TASK ITEM: Look below for the line that has "Assalamu alaikum. Hello"; output exactly from it through the line that has "Only one or", and leave the pictures out.

GIVEN RECORDS:
◇ ◇ ◇

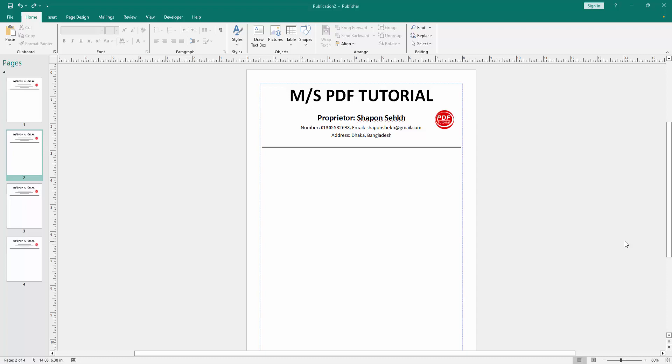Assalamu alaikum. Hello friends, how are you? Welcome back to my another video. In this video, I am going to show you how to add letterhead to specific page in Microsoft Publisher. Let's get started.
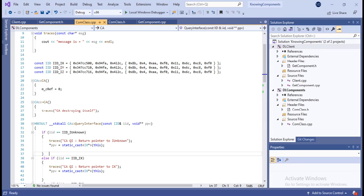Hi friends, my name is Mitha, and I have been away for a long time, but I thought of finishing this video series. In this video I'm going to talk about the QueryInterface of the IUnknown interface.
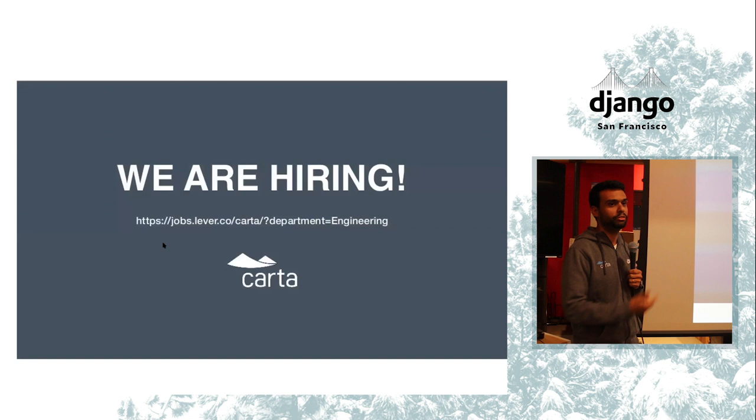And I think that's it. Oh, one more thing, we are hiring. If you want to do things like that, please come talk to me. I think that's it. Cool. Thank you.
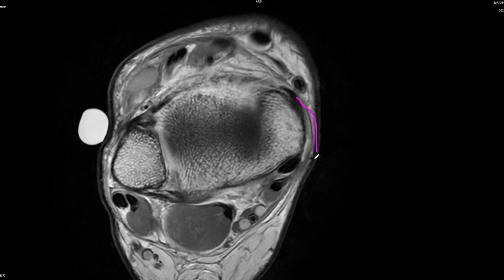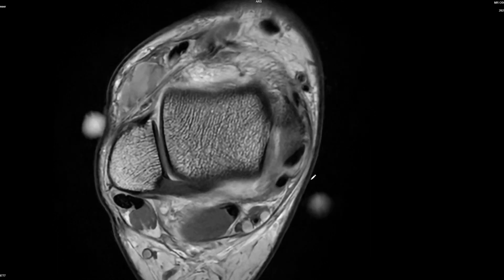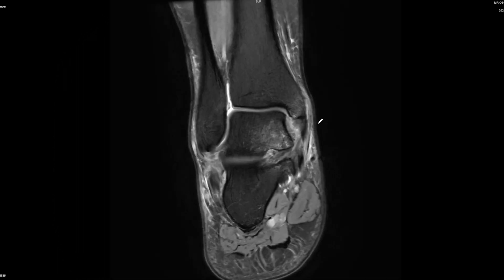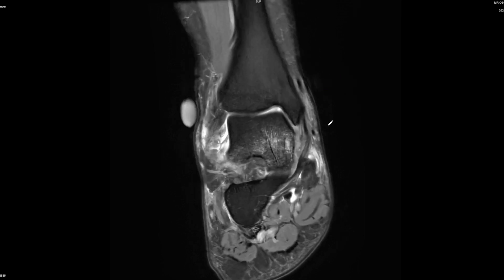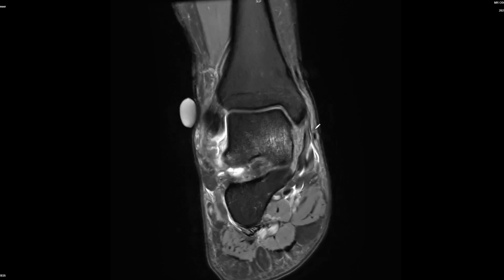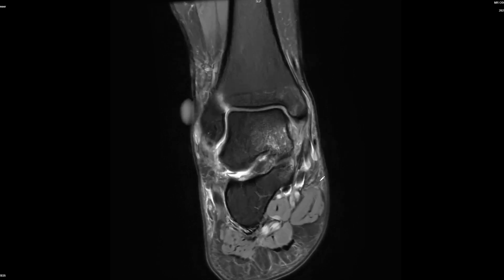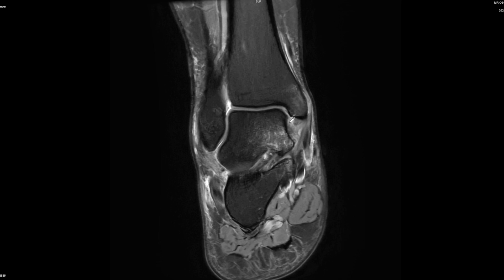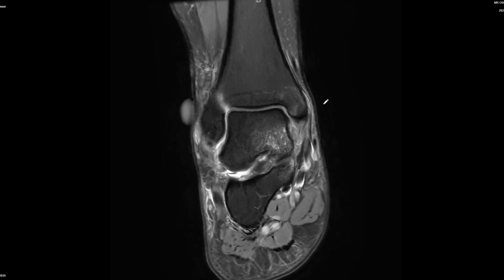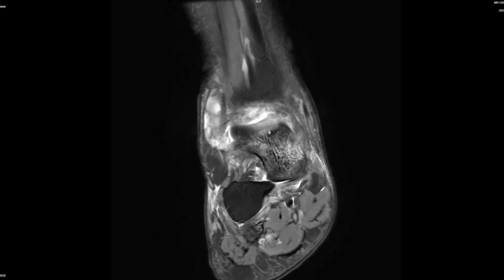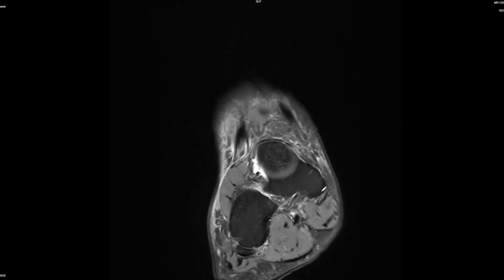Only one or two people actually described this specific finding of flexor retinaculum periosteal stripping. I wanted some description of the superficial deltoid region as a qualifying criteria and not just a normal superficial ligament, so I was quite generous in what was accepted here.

◇ ◇ ◇

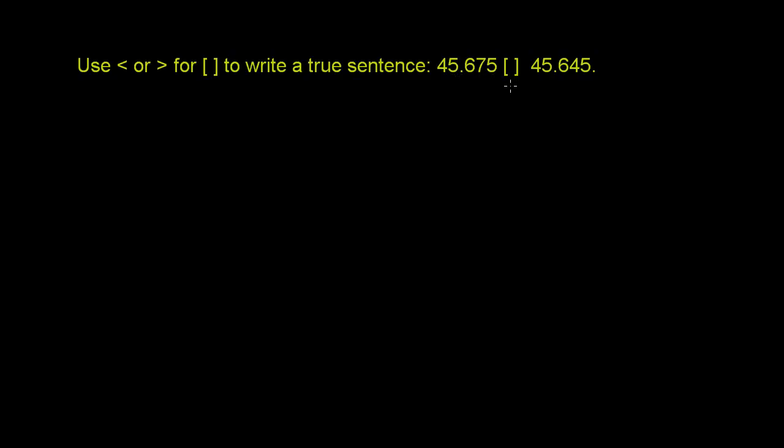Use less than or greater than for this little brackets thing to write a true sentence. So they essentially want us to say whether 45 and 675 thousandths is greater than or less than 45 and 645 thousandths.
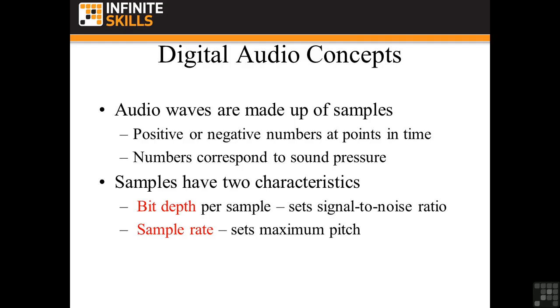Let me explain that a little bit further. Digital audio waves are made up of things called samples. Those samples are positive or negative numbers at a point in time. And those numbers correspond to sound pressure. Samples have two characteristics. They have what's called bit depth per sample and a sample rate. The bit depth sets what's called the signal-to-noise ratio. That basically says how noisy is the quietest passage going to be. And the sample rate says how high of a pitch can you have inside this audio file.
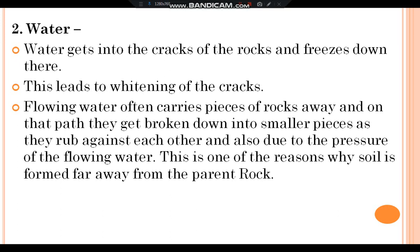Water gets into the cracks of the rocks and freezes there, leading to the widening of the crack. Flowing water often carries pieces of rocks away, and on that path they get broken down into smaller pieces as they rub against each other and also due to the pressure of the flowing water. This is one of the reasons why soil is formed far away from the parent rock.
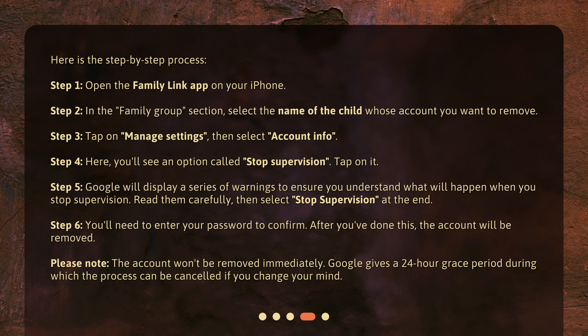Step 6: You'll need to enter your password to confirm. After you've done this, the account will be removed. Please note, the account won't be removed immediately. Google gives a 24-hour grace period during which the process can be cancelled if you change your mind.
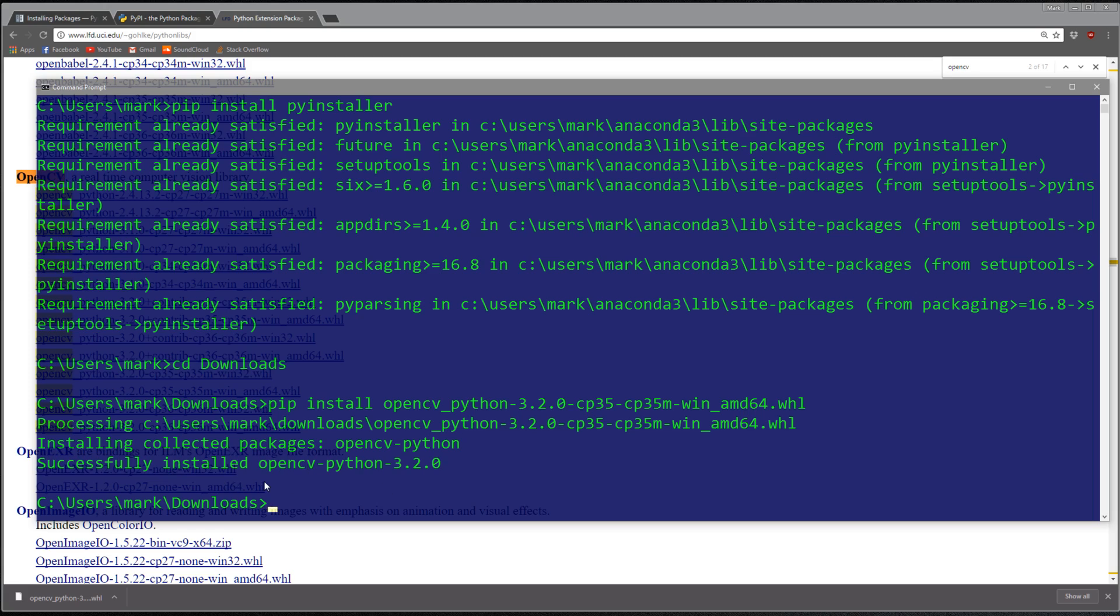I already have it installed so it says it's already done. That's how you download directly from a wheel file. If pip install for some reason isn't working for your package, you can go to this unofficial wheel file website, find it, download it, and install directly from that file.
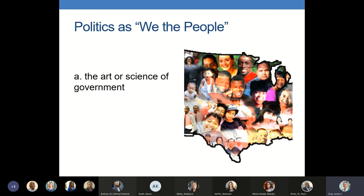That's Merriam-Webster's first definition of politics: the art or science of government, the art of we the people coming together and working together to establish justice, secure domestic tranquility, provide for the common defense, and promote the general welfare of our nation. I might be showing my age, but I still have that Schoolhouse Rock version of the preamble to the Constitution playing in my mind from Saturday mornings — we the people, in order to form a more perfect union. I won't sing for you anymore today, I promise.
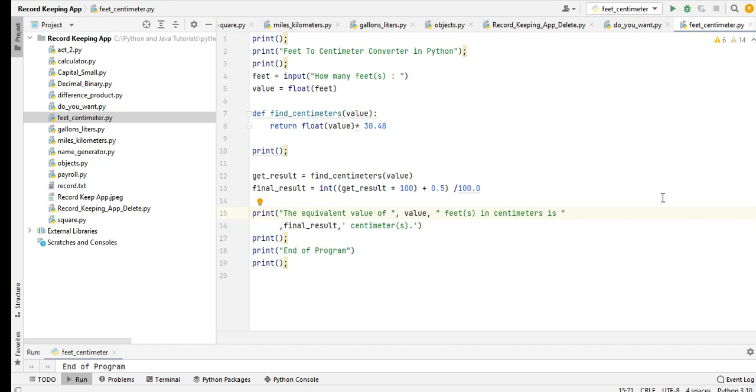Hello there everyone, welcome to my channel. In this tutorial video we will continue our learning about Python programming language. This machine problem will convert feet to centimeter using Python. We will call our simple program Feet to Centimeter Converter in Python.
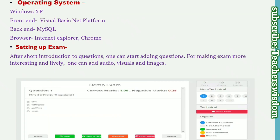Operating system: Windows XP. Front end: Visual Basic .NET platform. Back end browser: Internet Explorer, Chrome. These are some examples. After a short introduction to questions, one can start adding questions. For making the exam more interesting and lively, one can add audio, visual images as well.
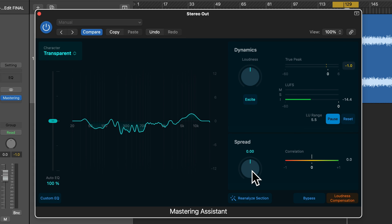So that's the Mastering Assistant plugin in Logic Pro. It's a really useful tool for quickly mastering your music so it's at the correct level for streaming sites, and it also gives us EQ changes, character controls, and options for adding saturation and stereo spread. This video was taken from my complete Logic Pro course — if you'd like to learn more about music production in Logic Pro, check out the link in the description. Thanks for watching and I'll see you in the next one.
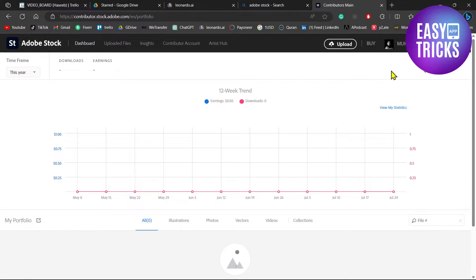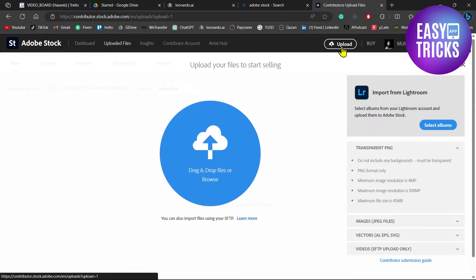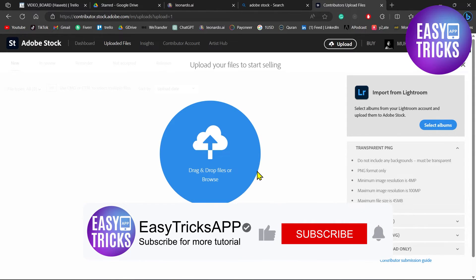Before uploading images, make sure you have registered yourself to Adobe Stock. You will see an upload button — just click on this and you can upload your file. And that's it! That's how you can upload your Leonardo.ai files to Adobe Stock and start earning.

◇ ◇ ◇

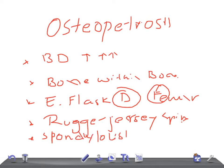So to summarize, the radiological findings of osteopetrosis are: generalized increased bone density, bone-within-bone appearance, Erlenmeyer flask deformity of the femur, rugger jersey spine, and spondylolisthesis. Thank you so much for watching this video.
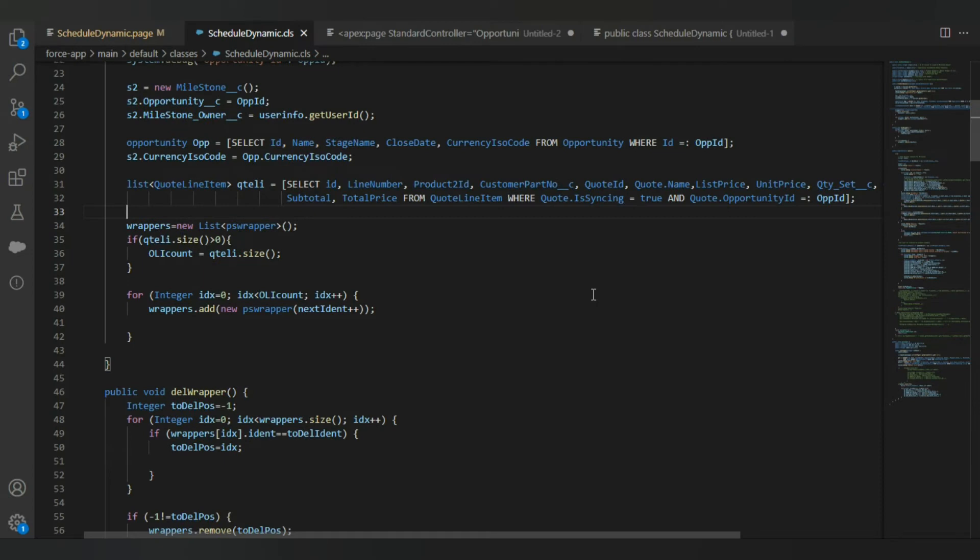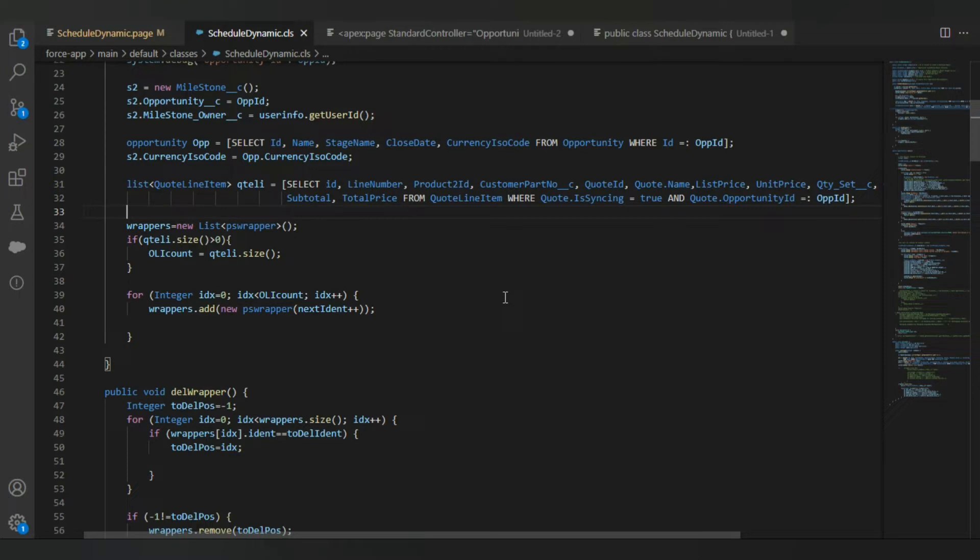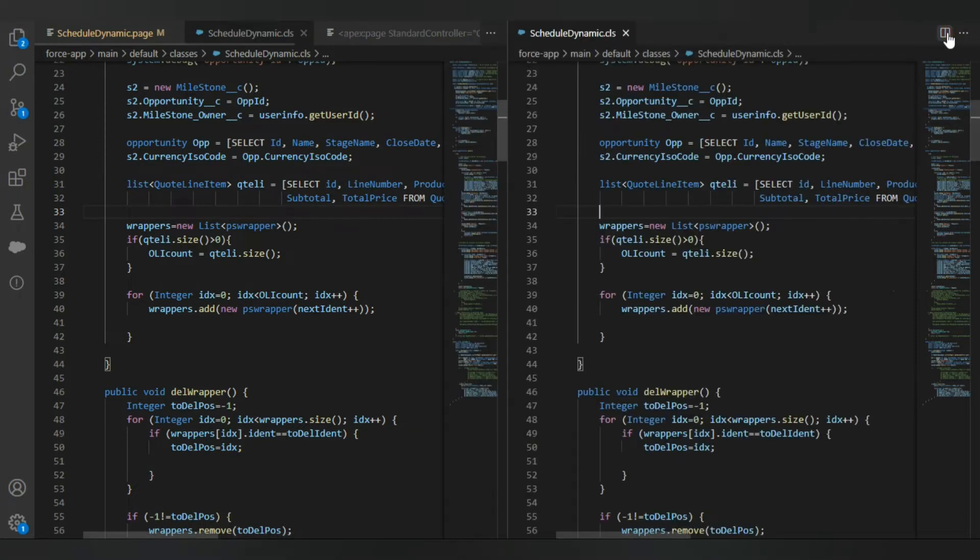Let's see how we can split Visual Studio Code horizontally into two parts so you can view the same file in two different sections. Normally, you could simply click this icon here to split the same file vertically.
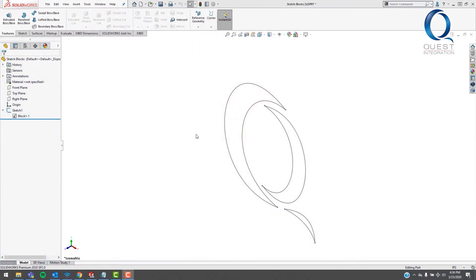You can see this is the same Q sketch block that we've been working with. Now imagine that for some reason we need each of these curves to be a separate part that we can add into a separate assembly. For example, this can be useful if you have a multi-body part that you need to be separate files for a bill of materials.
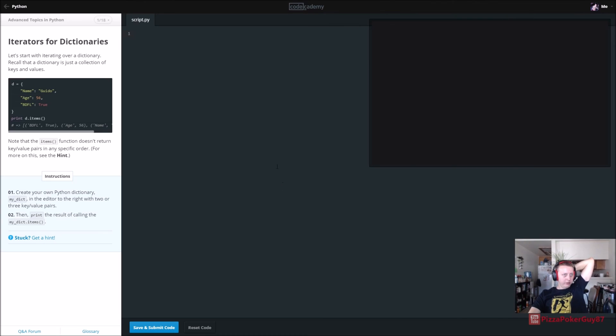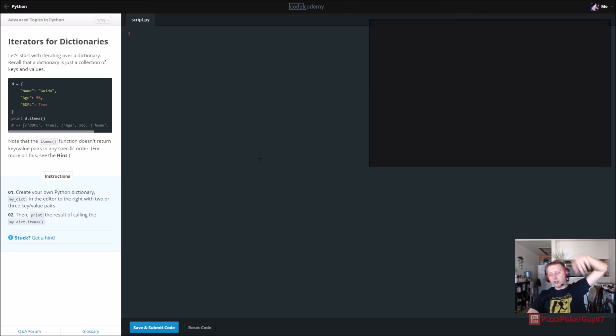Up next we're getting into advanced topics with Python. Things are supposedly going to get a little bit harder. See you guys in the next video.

◇ ◇ ◇

RESULT OF THE TASK:
Assalamu alaikum. Hello friends, how are you? Welcome back to my another video. In this video, I am going to show you how to add letterhead to specific page in Microsoft Publisher. Let's get started.
Hi friends, my name is Mitha, and I have been away for a long time, but I thought of finishing this video series. In this video I'm going to talk about the QueryInterface of the IUnknown interface.
And I think that's it. Oh, one more thing, we are hiring. If you want to do things like that, please come talk to me. I think that's it. Cool. Thank you.
Only one or two people actually described this specific finding of flexor retinaculum periosteal stripping. I wanted some description of the superficial deltoid region as a qualifying criteria and not just a normal superficial ligament, so I was quite generous in what was accepted here.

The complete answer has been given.